12 Replies Latest reply on Jan 29, 2018 5:06 PM by andriyg

    Wrong result set for query against Mongo and MSSql datasources

    andriyg

      hello,

      I have two datasorces: MongoDB and MS SQL Server. And trying to perform join across these datasources with TEIID

       

      here is DDL generated for tables I'm trying to join

       

      CREATE FOREIGN TABLE test_table_mssql (

        id_column string(250) OPTIONS (NAMEINSOURCE '"id_column"', NATIVE_TYPE 'varchar'),

        numeric_col integer OPTIONS (NAMEINSOURCE '"numeric_col"', NATIVE_TYPE 'int')

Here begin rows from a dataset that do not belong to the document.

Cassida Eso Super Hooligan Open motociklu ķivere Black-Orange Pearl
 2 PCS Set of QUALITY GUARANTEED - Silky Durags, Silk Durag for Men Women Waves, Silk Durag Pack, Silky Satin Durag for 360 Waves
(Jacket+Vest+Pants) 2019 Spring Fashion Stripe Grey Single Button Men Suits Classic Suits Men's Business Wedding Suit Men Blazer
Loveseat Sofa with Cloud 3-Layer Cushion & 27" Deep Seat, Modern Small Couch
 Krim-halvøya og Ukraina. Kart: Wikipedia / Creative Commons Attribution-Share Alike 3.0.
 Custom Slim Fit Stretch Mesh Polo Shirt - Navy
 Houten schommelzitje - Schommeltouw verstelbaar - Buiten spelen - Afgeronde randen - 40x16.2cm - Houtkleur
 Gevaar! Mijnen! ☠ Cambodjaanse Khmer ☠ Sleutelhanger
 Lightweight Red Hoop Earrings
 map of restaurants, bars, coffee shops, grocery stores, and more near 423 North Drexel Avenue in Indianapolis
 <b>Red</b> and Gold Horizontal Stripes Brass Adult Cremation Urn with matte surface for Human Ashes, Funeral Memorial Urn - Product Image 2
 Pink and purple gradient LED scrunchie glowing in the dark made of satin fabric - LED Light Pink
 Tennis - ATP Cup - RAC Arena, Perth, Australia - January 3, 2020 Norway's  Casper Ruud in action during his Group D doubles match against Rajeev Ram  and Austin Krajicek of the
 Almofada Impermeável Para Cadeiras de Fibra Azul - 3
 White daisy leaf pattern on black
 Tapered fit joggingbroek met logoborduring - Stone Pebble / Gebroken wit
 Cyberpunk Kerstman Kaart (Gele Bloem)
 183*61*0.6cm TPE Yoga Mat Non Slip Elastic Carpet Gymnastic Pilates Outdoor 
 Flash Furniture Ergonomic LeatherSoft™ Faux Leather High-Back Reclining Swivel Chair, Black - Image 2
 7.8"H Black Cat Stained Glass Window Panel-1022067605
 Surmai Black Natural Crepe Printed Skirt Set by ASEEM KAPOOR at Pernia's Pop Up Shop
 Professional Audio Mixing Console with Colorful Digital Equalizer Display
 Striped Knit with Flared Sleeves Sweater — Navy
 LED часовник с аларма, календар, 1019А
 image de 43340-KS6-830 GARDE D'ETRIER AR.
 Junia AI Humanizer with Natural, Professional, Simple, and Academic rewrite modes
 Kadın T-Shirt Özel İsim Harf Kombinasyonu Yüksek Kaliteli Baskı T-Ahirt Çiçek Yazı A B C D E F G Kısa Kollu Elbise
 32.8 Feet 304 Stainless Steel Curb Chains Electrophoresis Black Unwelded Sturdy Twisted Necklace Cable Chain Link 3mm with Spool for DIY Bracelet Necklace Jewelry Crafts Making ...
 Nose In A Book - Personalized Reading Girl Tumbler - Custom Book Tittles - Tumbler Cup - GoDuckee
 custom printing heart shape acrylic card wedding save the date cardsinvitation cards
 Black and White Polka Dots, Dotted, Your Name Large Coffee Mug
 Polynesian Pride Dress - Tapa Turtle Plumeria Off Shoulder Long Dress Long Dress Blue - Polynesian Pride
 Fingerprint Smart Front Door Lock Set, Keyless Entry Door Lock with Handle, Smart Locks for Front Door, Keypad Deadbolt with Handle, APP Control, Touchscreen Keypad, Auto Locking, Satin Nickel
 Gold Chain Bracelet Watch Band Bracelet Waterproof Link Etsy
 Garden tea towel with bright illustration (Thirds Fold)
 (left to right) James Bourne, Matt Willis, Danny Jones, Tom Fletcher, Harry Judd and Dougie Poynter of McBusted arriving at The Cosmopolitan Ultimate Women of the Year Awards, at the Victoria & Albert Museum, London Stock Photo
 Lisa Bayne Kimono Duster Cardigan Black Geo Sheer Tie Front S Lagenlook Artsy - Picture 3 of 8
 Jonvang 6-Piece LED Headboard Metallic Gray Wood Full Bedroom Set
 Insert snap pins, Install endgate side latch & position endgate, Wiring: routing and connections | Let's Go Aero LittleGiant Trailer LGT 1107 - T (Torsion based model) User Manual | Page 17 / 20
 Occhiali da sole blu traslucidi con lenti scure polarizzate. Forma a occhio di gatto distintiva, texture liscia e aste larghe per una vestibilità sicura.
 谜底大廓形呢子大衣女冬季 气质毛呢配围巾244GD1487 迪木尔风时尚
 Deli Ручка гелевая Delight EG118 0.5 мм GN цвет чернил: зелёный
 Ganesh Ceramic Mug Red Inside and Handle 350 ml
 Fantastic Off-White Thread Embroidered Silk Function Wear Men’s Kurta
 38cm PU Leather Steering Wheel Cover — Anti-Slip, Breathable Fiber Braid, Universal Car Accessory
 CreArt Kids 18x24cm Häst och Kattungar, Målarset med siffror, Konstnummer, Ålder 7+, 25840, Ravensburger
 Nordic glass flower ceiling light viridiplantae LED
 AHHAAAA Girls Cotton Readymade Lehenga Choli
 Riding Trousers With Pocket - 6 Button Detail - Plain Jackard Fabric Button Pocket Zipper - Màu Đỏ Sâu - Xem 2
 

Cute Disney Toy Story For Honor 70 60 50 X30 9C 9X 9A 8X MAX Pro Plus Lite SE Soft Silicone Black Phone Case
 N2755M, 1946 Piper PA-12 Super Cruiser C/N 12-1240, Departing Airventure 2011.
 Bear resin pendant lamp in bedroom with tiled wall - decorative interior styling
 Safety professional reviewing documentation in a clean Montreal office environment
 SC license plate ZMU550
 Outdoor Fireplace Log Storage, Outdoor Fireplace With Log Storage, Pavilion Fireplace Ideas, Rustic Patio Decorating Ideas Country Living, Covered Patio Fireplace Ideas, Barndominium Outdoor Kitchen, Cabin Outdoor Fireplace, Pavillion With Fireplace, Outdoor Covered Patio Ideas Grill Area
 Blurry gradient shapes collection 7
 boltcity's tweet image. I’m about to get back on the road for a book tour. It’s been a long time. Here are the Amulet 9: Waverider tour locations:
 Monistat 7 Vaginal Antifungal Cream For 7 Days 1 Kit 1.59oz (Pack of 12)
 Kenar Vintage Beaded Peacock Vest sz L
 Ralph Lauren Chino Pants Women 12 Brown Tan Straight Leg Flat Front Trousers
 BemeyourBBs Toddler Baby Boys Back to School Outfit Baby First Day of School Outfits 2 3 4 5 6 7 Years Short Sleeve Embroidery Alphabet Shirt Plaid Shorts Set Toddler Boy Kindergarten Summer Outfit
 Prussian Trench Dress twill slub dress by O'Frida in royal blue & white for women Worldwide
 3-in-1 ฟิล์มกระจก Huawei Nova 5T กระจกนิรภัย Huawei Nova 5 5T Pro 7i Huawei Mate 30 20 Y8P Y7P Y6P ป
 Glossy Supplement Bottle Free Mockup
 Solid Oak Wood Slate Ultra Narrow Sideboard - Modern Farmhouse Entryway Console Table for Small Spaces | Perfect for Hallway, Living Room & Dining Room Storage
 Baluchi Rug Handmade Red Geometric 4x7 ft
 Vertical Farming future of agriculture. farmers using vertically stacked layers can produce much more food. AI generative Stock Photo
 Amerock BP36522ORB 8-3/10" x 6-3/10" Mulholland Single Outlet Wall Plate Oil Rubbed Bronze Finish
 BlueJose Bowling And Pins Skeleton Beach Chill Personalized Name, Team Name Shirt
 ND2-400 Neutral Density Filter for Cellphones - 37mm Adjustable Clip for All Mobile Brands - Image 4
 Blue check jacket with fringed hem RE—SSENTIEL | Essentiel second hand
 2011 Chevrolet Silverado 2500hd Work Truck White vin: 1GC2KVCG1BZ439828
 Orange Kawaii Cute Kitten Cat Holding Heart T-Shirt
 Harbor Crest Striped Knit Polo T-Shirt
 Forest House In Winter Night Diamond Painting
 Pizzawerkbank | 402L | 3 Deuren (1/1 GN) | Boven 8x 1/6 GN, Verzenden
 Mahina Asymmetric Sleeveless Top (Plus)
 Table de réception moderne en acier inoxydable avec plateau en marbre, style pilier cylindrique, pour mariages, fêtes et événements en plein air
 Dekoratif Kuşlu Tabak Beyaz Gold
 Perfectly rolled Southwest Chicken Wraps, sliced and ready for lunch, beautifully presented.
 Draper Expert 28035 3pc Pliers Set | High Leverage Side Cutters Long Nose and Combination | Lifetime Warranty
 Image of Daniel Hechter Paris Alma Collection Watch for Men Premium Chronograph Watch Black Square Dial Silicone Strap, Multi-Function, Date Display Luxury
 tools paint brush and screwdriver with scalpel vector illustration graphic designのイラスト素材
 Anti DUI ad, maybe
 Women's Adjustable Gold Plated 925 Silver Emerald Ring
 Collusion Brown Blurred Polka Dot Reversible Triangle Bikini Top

      ) OPTIONS (NAMEINSOURCE '"foodmart"."dbo"."test_table_mssql"', UPDATABLE TRUE, CARDINALITY 31);

       

      CREATE FOREIGN TABLE MONGO_COLUMNS (

        MONGO_ID_COLUMN string(255) OPTIONS (NAMEINSOURCE '"MONGO_ID_COLUMN"', CHAR_OCTET_LENGTH 510, NATIVE_TYPE 'STRING'),

        "_ID" string(24) NOT NULL OPTIONS (NAMEINSOURCE '"_ID"', CHAR_OCTET_LENGTH 48, NATIVE_TYPE 'STRING'),

        MONGO_NUMERIC_COLUMN integer OPTIONS (NAMEINSOURCE '"MONGO_NUMERIC_COLUMN"', NATIVE_TYPE 'INTEGER'),

        CONSTRAINT SYS_PK_10147 PRIMARY KEY("_ID"),

        CONSTRAINT SYS_IDX_10146 UNIQUE("_ID")

      ) OPTIONS (NAMEINSOURCE '"TEST"."MONGO_COLUMNS"', UPDATABLE TRUE);

       

      Query to select MONGO_COLUMNS.MONGO_ID_COLUMNS

       

      select "mongodb_jdbc_ds_TEST_MONGO_COLUMNS"."MONGO_ID_COLUMN" as "mongodb_jdbc_ds_TEST_MONGO_COLUMNS_MONGO_ID_COLUMN"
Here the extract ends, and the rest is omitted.